Von all dem erzählt Hermann Philipps in seiner hellen Maisonettewohnung bei Kakao-Kaffee mit Keksen. Wer eine typische Privatgelehrten-Klause erwartet hat (Bücher bis unters Dach, überall liegt Papier herum), könnte nicht krasser irren: Philipps lebt dezente, aber nicht penible Ordnung. Eine kleine Kochecke; Kunstwerke an der Wand; hier und da eine Zimmerpflanze. Nur die wichtigste Literatur steht auf Papier im Regal (etwa das 542-seitige Volapük-Wörterbuch von 1931).

Ansonsten arbeitet der Experte fast ausschließlich am Computer: Mit den weltweiten Volapük-Fans diskutiert er in einer eigenen Facebook-Gruppe (facebook.com/groups/volapukalised). Mehr als 150 Mitglieder hat sie derzeit - nicht alle sind gleichermaßen aktiv, aber ihre Zahl steigt. Ihnen geht es etwa um die Frage, welcher Volapük-Zeitform welche Verben im Neuen Testament entsprechen. Oder mit welcher der 85 (!) Volapük-Nachsilben man Berufsbezeichnungen bildet. Vielleicht mit "-an" (laut Grammatik für "Personen, die als Träger einer Eigenschaft kenntlich gemacht werden")? Oder doch "-el" ("durch berufliche Arbeit wird ein Produkt sichtbar geschaffen")?

Auch erdachte Sprachen zählen zum Erbe der Weltkultur

So etwas ist keine Schrulle, sondern wissenschaftlich international anerkannt. Hermann Philipps sagt: "Erinnern Sie sich an Bernhard Grzimek, der für die Rettung aussterbender Tierarten kämpfte? Ich bemühe mich, aussterbende Sprachen am Leben zu erhalten." Und die Kölner Gesellschaft für bedrohte Sprachen sagt: "Sprachen sind Ausprägungen menschlicher Kultur und menschlichen Geistes. Als Wert an sich sollten sie - als Manifestationen der Kreativität und der Vielfalt des menschlichen Geistes - erhalten und dokumentiert werden." Warum sollte das für erdachte Sprachen nicht gelten?

In der langen Geschichte des Volapük haben seine Anhänger große Mengen an Geist und Kreativität hervorgebracht - Vereinszeitschriften und Geschichtswerke, Lyrikbände und Witzblätter, politische Leitartikel und Literatur-Übersetzungen (etwa von Karl Mays "Abenteuer in Lappland", Andersens "Hässlichem Entlein" oder Edgar Allan Poes "Das Fass Amontillado").

Viele dieser Texte sind nur in entlegenen Universitätsbibliotheken greifbar, oder als Schreibmaschinen-Typoskript im Nachlass verstorbener Volapük-Freunde.

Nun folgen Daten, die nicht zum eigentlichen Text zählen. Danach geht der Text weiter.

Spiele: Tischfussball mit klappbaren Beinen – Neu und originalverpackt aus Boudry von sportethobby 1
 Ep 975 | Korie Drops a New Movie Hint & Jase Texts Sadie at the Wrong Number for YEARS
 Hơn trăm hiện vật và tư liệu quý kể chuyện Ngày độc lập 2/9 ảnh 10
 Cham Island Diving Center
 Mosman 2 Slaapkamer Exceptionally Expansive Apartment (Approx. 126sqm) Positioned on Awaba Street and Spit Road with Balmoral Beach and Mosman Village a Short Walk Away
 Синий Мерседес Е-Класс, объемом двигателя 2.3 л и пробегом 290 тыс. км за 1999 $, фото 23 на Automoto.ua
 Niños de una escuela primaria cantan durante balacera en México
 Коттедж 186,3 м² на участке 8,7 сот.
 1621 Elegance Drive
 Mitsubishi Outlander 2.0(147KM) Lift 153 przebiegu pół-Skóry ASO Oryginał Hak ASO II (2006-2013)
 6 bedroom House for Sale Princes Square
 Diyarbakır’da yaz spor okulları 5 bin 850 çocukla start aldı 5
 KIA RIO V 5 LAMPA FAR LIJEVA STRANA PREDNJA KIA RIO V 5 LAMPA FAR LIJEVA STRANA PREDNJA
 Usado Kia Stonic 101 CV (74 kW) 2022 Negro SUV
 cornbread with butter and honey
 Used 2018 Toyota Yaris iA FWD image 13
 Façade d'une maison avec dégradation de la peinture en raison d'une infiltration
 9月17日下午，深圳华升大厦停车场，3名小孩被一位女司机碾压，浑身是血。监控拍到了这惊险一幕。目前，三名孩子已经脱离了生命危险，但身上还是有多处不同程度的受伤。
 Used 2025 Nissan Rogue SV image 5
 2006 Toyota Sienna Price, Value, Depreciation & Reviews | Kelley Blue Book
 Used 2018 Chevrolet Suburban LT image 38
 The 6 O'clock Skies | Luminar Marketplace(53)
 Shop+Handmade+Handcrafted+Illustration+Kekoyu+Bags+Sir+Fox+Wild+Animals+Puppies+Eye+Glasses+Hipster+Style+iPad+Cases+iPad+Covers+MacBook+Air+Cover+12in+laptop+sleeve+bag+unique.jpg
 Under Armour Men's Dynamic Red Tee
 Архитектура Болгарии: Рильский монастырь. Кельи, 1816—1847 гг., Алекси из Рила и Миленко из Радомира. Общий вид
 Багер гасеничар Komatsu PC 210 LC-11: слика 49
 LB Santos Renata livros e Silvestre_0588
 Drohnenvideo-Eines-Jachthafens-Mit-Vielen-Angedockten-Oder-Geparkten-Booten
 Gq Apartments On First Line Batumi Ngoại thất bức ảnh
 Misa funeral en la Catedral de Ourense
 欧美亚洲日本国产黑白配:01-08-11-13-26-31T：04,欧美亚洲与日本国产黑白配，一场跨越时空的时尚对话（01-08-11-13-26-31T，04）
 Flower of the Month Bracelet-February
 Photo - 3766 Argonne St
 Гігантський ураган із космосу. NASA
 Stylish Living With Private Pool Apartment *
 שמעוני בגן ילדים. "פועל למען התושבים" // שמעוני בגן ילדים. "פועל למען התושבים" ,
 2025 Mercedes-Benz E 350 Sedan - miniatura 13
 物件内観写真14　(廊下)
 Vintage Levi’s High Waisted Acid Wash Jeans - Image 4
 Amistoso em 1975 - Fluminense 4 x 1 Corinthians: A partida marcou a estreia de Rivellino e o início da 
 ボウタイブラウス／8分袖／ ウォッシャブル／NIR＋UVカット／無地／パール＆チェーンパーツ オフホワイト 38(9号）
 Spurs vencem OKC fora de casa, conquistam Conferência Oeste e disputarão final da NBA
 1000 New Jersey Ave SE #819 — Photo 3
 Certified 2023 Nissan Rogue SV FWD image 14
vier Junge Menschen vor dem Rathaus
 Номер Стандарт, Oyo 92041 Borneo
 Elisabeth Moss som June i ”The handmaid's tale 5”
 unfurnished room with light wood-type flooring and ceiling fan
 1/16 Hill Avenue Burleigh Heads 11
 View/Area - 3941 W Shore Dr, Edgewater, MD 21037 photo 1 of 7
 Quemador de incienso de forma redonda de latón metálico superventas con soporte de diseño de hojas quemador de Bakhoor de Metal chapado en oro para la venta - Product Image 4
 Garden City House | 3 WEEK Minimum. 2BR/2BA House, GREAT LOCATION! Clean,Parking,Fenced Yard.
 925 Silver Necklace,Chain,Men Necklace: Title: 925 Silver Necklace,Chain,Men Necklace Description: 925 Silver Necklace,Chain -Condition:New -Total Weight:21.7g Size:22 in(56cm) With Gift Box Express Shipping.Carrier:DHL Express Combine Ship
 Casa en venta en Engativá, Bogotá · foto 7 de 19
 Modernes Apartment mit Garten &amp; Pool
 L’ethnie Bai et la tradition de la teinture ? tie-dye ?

Philipps macht sie für Interessierte wieder zugänglich, stellt sie ins Internet auf selbst programmierte Webseiten und passt sie dabei den heutigen Sehgewohnheiten an, verschönert sie mit Ornamenten und passenden Fotos. Nebenher macht er die altehrwürdige Sprache fürs 21. Jahrhundert anwendbar, berichtete auf Facebook etwa vom Godesberger Weihnachtsmarkt ("kritidamaket") über Reibekuchen ("pöteta-röbakeks"), Glühwein ("bijopavin") und Bratwurst ("loetama-sosit"). Und für die Weihnachtsfeier machte er die "Geschichte vom Lamettabaum" der Autorin Margret Rettich zur "Konotil dö largentafada-bim".

Problem dabei: Nicht überall, wo's draufsteht, ist auch Volapük drin. Mancher Enthusiast redet und schreibt zwar fröhlich drauflos, übersieht aber die akribisch erdachten grammatischen Feinheiten. Neuere Texte untersucht und korrigiert Philipps deshalb auf sprachwissenschaftlichem Niveau, wägt verschiedene Lehr-Autoritäten gegeneinander ab, als untersuche er eine historische Urkunde auf ihre Echtheit. Hier bringt er seine Berufserfahrung ein: "Zu übersetzen heißt, nicht die Wörter zu übertragen, sondern die Bedeutung."

Noch immer gibt es die 1887 gegründete Volapük-Akademie, noch immer geleitet von einem offiziellen Vorsitzenden, dem "Cifal" (gesprochen: "tschif-Ahl"). Seit 1984 ist das der Engländer Brian Bishop. Er hat Philipps zu seinem Stellvertreter ernannt, zum "Vicifal": Somit ist der Bad Godesberger als nächster Sprach-Chef mehr oder weniger gesetzt. Damit schließt sich ein historischer Kreis: Schon zwischen 1912 und 1948 war Godesberg Welt-Volapük-Hauptstadt - damals amtierte dort als "Cifal" der Theologe Albert Sleumer.